Thorpe has recently stated that she will not campaign against the Voice and has said that she does “not want to be a thorn in the side” of the Albanese Labor government.
Her previous statements, however, no doubt cut across the attempts by Bandt and the Greens leadership to deepen their collaboration with the right-wing Labor government, even as it imposes major austerity measures, cuts taxes for the ultra-wealthy, deepens Australia’s frontline role in war preparations and rejects any measures on climate change that would impinge on the fortunes of the major coal and energy corporations.

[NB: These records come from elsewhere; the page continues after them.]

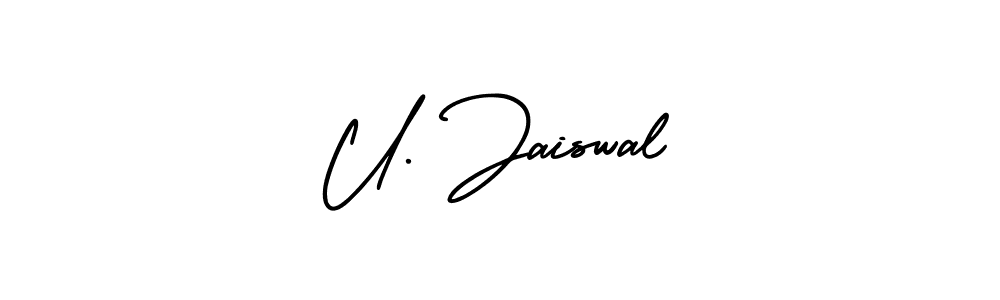 You should practise on your own different ways (AmerikaSignatureDemo-Regular) to write your name (U. Jaiswal) in signature. don't let someone else do it for you. U. Jaiswal signature style 3 images and pictures png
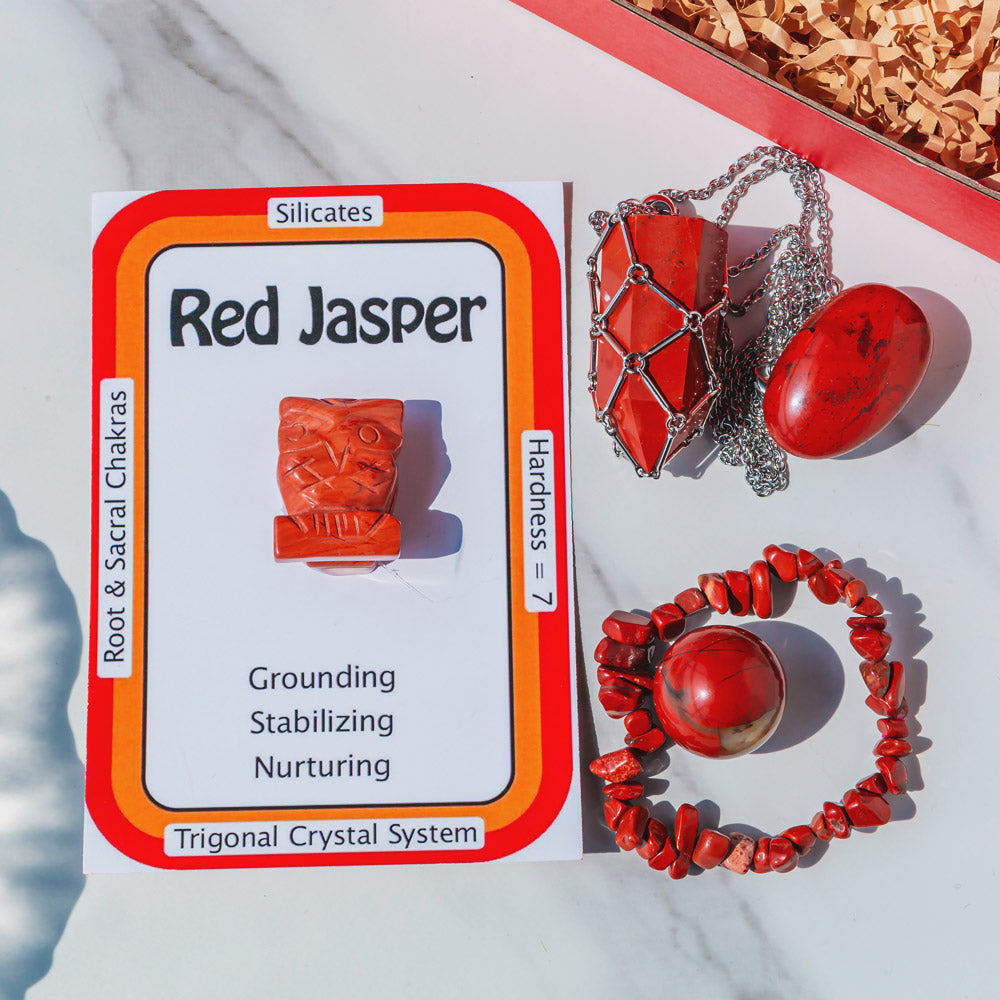 Reikistal Red Jasper Hardness | Root & Sacral Chakras | Grounding | Stabilizing | Nurturing | Trigonal Crystal System Gift Box
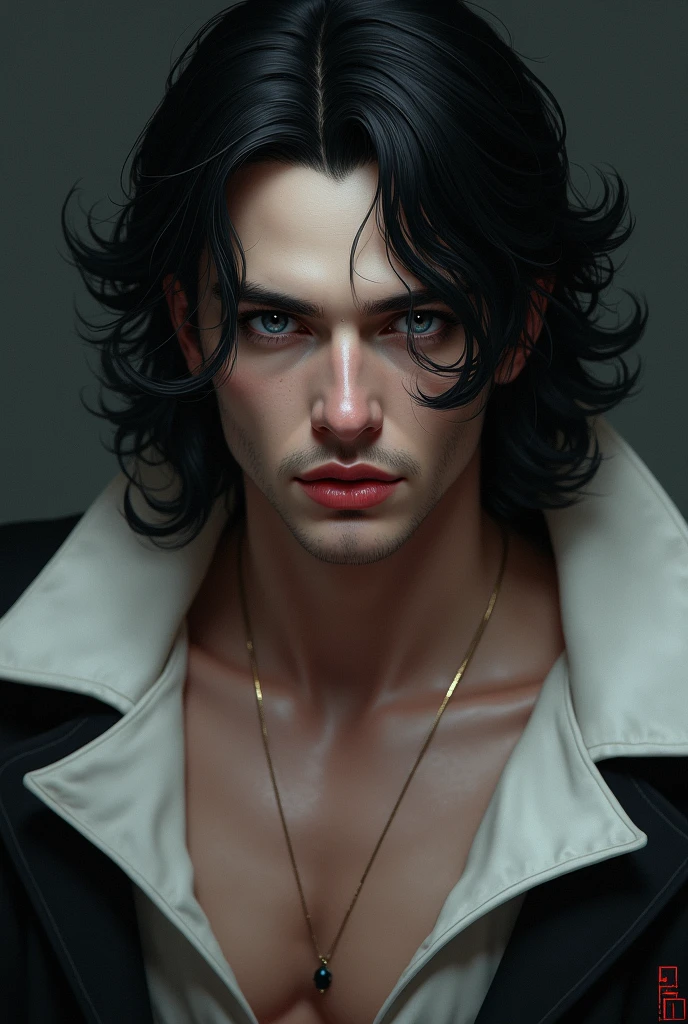 naughty man , skin as white as snow, raven black hair, deep blue eyes, big red lips, defined jaw, slightly highlighted cheekbones, defined body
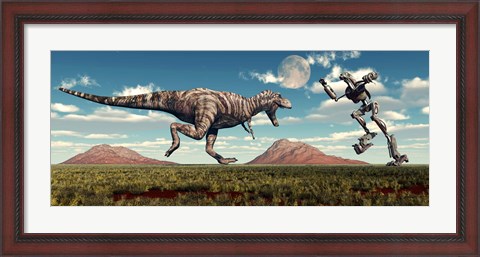 Framed Tyrannosaurus Rex Battling Robot Print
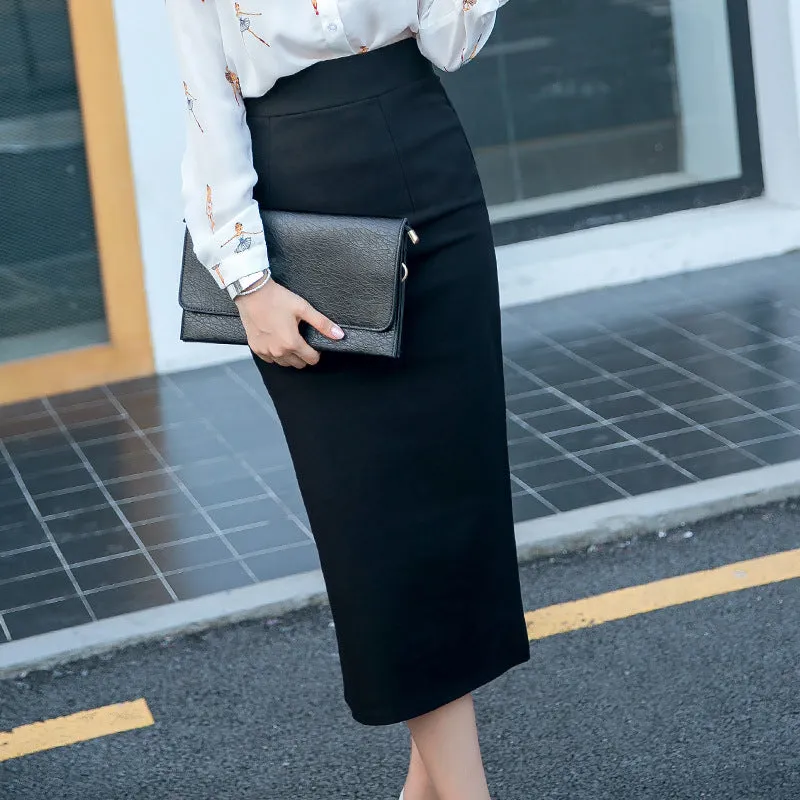 Splitted Hip Flattering Plus Size Summer  Slim Look High Waist Mid-Length Skirt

Calls for a coalition with Labor were at the centre of the Greens’ campaign for the May federal election. Time and again, Bandt and other senior MPs insisted that the Greens were a “responsible party,” ready to take a more prominent role in the corridors of power.
They harked back to their role in propping up the minority Gillard Labor government, from 2010‒2013. That administration carried out sweeping attacks on the working class, deepening the pro-market degradation of healthcare, education and disability services and kicking hundreds of thousands of single parents off their benefits. It aligned Australia with the Obama administration’s “pivot to Asia,” in preparation for war with China and joined in the persecution of WikiLeaks publisher Julian Assange for exposing US-led war crimes.
Thorpe has never differentiated herself from this record, or from the Greens’ continuous overtures to Labor, and at times even the Liberal-Nationals. There is little doubt, though, that she has been a “thorn in the side” of Bandt’s attempts to transform the Greens into a fully-fledged party of capitalist government.
The affair has again underscored the thoroughly right-wing character of the Greens.